Information from the Mayo Clinic suggests that one of the problems in determining whether a patient has Crohn’s or ulcerative colitis is that both diseases can cause intestinal bleeding. Other conditions that are culprits are colon polyps, peptic ulcers, colorectal cancer, constipation, diverticular bleeding, infection and lack of blood supply to the bowel.
The initial question at every visit I’ve made to the best gastroenterologist for treatment is the same: Have you experienced any bleeding? My usual answer has been that I had isolated episodes. Being able to provide the dates only reinforces the need for all Crohn’s patients to record their symptoms on a calendar they bring with them to all medical appointments.
Every physician who has laid eyes on me since I was finally diagnosed with Crohn’s after 20 years of suffering has reiterated that those with the disease are at higher risk for intestinal cancer than individuals in the general U.S. population. However, just because you have rectal bleeding doesn’t mean you have cancer.
What causes blood in stool for Crohn’s patients? There are several possibilities, according to the Mayo Clinic.
Foods and supplements: You might see blood if you’ve ingested beets, licorice or blueberries. Other potential causes include medications such as bismuth subsalicylate, which is sold over the counter as Pepto-Bismol. Any of these can temporarily change the color of solid waste to red, maroon or even black.

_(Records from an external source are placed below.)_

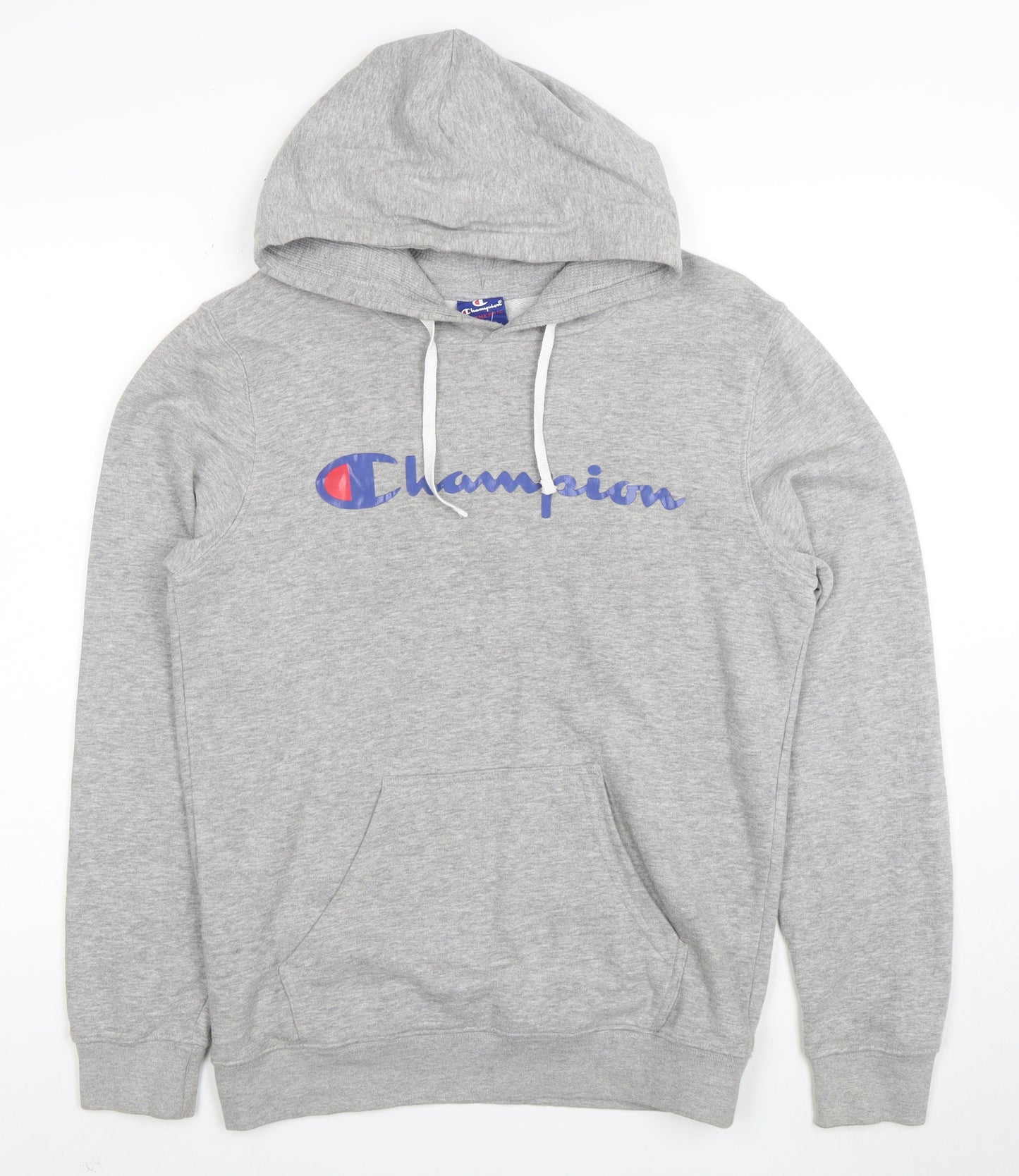 Champion Men's Grey Pullover Hoodie L Logo Graphic Sweatshirt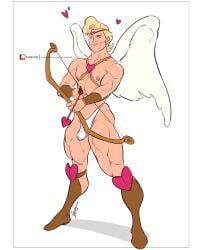 arrow blonde_hair bow bow_and_arrow bulge centurioxart cupid heart love male_only muscles muscular muscular_male mythical mythology thick_thighs thong underwear valentine's_day wings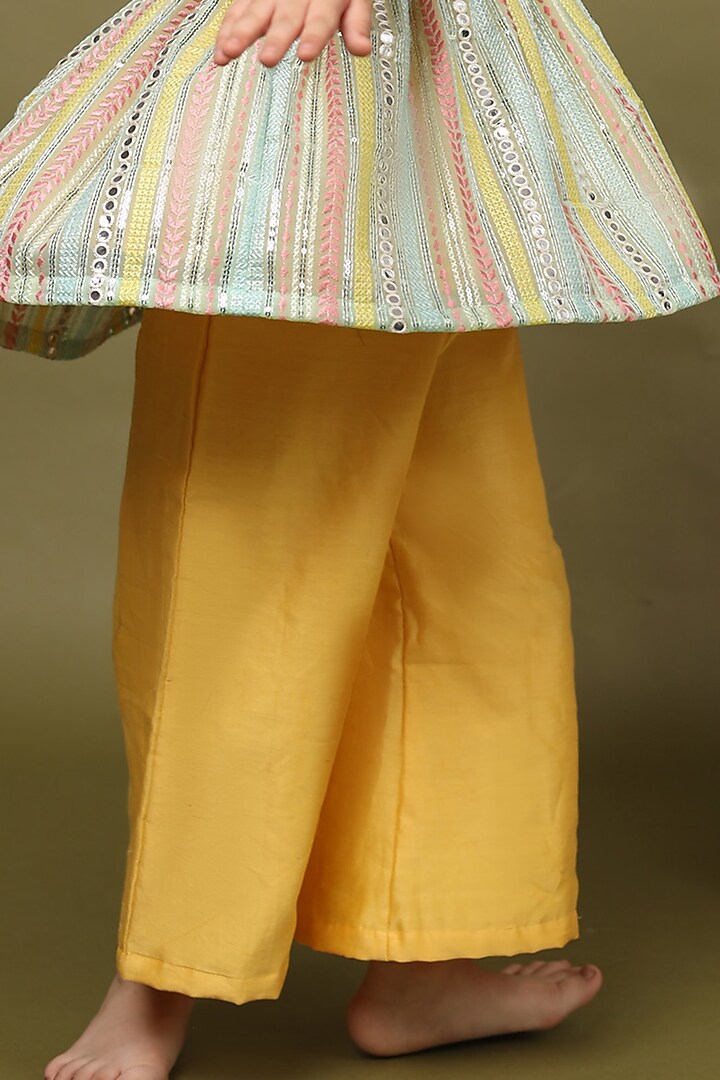 Yellow Silk Chanderi Flared Pant Set For Girls by LAAD In Every Touch at Pernia's Pop Up Shop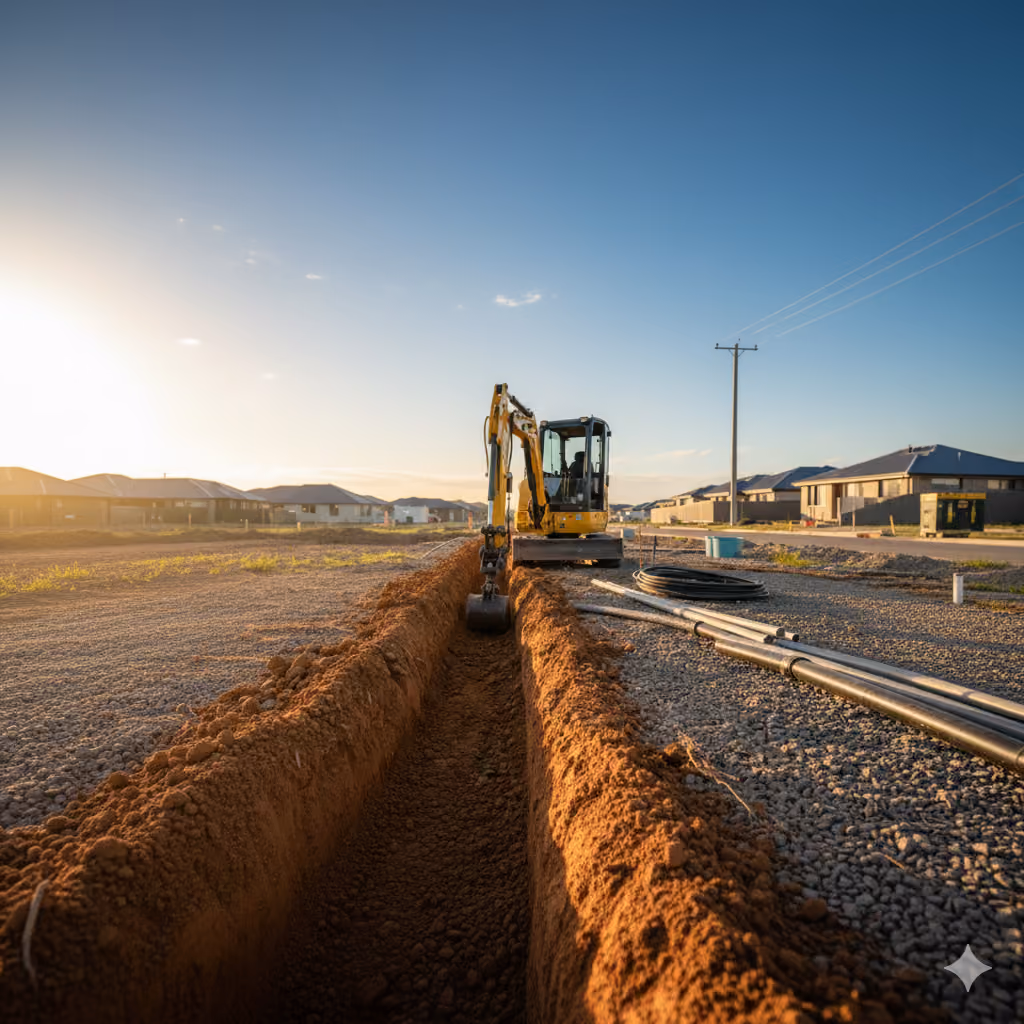 AusConnect trenching and ploughing services for underground infrastructure installation.”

Crohn’s disease: Either inflammatory bowel disease – Crohn’s or its first-cousin, ulcerative colitis – can result in intestinal bleeding. Crohn’s disease itself causes tissue in the digestive tract to inflame, ulcerate and bleed on occasion. Food passing through your gut can also aggravate the inflamed areas, causing them to bleed. The blood in stool you notice could be either bright red, meaning it’s from a lower part of the gut, or darker, indicating it probably originated higher in the digestive tract.
Hemorrhoids: Let’s just say they’re not rare among Crohn’s patients, especially those who have had surgery for anal fistulas or fissures. You might notice small drops or smears or bright red blood in your stool, in the toilet bowl, or on the tissue.
Other than scaring you half out of your mind, what are the effects of blood in the stool? The National Digestive Diseases Information Clearinghouse (NDDIC) states that rectal bleeding can indeed be serious and might not stop without medical intervention.
The most common side effect from prolonged bleeding is anemia, which makes the patient feel tired. Anemic individuals have lost too many blood cells and can also experience weight loss, issues with their skin and fever.
Not all blood in stool is visible to the naked eye. Your medical practitioner might conduct repeated lab tests to reveal minute quantities that you can’t see, according to NDDIC. Finding microscopic quantities is often a diagnosis indicator for Crohn’s.
The Clearinghouse suggests the first mode of treatment if the bleeding is actually tied to Crohn’s is to bring the disease under control with medication. The typical drugs used include anti-inflammatories, steroids and immune system suppressors. However, some patients might need surgery to treat blockages, fistulas, infections and bleeding if medication cannot resolve them. Most commonly, this involves removal of the smallest part of the affected areas of the bowel.
What should you do if you have Crohn’s disease and see or suspect blood in your stool? First and foremost, don’t panic and head to the nearest emergency room unless you’re bleeding profusely. Under most circumstances, isolated episodes warrant a call to your physician’s office within 24 hours for advice on how to proceed.